Michael: I don’t understand. You used to be content staying home, caring for the family and our home, but since the kids left for college, you’ve changed. Between the hours devoted to your new business and girls’ night out, I hardly see you anymore. I don’t know if I can handle this for the next 40 years. Katy, you’re not the woman I married!
Katy: I am growing! I’ve done my job for the family and now it is time for me to focus on my goals. I like the creativity and satisfaction of having my own business, earning money and spending more time with friends, but that doesn’t mean I’m not the same woman you married.
What’s happening here?
After 20 years of life being relatively stable, the kids launched and Katy, like many women who postpone their individual desires and goals for the family, began a new stage of life – similar to an adult growth spurt. Changes during this growth spurt may be confusing for partners who are used to their mates being a certain way.

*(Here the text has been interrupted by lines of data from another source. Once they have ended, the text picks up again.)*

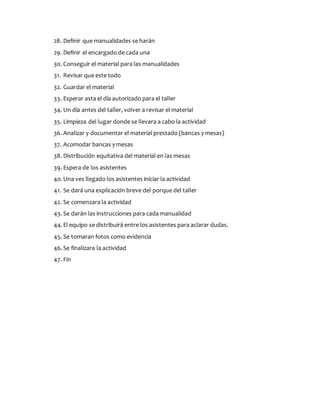 28. Definir que manualidades se harán
29. Definir el encargado de cada una
30. Conseguir el material para las manualidades
31. Revisar que este todo
32. Guardar el material
33. Esperar asta el día autorizado para el taller
34. Un día antes del taller, volver a revisar el material
35. Limpieza del lugar donde se llevara a cabo la actividad
36. Analizar y documentar el material prestado (bancas y mesas)
37. Acomodar bancas y mesas
38. Distribución equitativa del material en las mesas
39. Espera de los asistentes
40.Una ves llegado los asistentes iniciar la actividad
41. Se dará una explicación breve del porque del taller
42. Se comenzara la actividad
43. Se darán las instrucciones para cada manualidad
44.El equipo se distribuirá entre los asistentes para aclarar dudas.
45. Se tomaran fotos como evidencia
46.Se finalizara la actividad
47. Fin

In a lifetime relationship, we not only commit to the snapshot of our partner when we take our vows, we commit to the person we do not see, the one they will become as they grow and evolve over the course of a lifetime. We commit to accommodating our partner’s evolution. That is the nature of truly loving another in its most genuine form.
Michael’s direct expression of his confusion, Katy’s illumination of the changes happening for her, as well as brief work with a therapist, all helped Michael not just understand, but embrace his wife’s evolution.
How have you experienced the evolution of commitment in your relationship?